[[ Recorded data, beginning ]]

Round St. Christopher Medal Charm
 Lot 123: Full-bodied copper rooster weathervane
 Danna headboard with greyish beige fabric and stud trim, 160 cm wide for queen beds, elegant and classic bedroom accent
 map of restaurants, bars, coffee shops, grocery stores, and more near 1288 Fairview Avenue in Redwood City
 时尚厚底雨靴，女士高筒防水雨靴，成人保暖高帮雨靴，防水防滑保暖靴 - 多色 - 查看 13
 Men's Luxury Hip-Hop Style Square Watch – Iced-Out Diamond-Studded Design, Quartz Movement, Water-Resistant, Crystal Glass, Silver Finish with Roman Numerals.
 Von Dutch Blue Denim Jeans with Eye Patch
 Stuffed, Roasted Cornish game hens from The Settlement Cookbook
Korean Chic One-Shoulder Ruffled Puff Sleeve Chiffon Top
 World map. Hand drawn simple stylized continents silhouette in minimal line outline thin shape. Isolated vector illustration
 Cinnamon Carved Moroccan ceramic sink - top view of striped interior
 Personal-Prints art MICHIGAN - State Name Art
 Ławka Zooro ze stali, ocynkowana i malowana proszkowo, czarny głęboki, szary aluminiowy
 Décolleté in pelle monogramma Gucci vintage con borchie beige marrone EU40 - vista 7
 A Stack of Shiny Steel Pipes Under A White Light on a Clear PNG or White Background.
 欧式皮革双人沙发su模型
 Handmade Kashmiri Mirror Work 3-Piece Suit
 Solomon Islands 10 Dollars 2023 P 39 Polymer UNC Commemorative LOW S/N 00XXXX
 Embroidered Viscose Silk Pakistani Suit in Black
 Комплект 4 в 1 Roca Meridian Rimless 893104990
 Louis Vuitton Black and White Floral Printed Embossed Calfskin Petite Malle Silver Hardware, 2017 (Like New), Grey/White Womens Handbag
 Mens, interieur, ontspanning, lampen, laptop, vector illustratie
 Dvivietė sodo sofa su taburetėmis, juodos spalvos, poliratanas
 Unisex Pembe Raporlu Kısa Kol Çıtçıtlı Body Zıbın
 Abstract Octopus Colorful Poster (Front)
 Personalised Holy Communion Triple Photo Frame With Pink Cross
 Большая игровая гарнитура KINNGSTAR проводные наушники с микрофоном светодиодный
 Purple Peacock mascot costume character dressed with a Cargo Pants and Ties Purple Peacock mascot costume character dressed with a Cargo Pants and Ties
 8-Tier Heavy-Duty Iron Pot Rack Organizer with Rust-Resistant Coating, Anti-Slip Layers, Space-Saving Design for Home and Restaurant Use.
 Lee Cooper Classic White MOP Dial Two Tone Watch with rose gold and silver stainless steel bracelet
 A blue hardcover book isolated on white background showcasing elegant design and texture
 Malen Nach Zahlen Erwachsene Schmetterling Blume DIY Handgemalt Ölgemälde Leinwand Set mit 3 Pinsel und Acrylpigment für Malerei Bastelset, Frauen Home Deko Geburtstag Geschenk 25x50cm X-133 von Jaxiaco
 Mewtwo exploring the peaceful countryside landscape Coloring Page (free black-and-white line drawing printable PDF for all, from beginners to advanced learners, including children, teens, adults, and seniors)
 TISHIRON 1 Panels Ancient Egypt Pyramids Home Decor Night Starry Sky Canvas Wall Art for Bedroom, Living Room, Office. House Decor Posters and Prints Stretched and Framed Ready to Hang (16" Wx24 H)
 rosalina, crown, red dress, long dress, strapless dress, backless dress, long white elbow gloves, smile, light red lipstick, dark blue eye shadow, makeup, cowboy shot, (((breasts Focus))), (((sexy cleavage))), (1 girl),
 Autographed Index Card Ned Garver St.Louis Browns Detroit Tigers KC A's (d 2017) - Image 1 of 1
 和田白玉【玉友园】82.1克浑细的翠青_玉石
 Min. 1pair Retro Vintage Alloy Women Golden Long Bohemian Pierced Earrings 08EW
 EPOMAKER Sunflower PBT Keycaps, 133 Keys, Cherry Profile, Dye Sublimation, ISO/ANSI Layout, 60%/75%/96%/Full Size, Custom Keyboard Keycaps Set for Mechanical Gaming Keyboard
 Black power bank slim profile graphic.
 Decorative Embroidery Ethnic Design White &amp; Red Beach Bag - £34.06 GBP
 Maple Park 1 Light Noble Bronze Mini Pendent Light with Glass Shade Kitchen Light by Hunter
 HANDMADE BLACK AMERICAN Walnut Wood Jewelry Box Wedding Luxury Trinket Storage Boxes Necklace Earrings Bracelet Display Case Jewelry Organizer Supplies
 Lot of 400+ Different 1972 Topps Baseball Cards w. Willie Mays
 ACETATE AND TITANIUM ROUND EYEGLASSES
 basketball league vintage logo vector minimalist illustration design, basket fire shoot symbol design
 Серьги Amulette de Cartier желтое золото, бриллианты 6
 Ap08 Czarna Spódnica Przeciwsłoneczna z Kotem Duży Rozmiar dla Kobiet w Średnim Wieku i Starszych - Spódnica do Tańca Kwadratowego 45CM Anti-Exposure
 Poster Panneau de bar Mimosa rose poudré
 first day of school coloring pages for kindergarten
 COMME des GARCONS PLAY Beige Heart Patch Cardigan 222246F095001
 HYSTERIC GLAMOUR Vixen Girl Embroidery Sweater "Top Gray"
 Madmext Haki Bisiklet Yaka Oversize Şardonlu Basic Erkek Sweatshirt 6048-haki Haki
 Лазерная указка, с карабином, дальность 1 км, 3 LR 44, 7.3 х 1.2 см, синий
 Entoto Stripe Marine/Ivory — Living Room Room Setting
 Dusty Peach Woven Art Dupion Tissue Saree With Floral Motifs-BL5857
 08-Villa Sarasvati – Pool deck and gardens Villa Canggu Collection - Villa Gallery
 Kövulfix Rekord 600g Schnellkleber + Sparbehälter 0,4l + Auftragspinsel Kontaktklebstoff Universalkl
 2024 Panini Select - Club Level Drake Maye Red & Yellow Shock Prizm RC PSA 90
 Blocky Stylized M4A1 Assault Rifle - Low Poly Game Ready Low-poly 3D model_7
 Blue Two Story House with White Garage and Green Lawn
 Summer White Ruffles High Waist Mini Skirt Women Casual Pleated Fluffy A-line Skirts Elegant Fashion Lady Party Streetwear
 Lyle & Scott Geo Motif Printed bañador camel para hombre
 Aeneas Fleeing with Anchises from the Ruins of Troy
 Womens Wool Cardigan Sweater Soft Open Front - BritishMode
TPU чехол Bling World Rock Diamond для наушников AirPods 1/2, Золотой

[[ Recorded data, end ]]

- **Goal of the exercise**
Quote in full each line from the top of the records above through the line with "Personal-Prints art MICHIGAN"; stop after that line.

- **Reply to the task**
Round St. Christopher Medal Charm
 Lot 123: Full-bodied copper rooster weathervane
 Danna headboard with greyish beige fabric and stud trim, 160 cm wide for queen beds, elegant and classic bedroom accent
 map of restaurants, bars, coffee shops, grocery stores, and more near 1288 Fairview Avenue in Redwood City
 时尚厚底雨靴，女士高筒防水雨靴，成人保暖高帮雨靴，防水防滑保暖靴 - 多色 - 查看 13
 Men's Luxury Hip-Hop Style Square Watch – Iced-Out Diamond-Studded Design, Quartz Movement, Water-Resistant, Crystal Glass, Silver Finish with Roman Numerals.
 Von Dutch Blue Denim Jeans with Eye Patch
 Stuffed, Roasted Cornish game hens from The Settlement Cookbook
Korean Chic One-Shoulder Ruffled Puff Sleeve Chiffon Top
 World map. Hand drawn simple stylized continents silhouette in minimal line outline thin shape. Isolated vector illustration
 Cinnamon Carved Moroccan ceramic sink - top view of striped interior
 Personal-Prints art MICHIGAN - State Name Art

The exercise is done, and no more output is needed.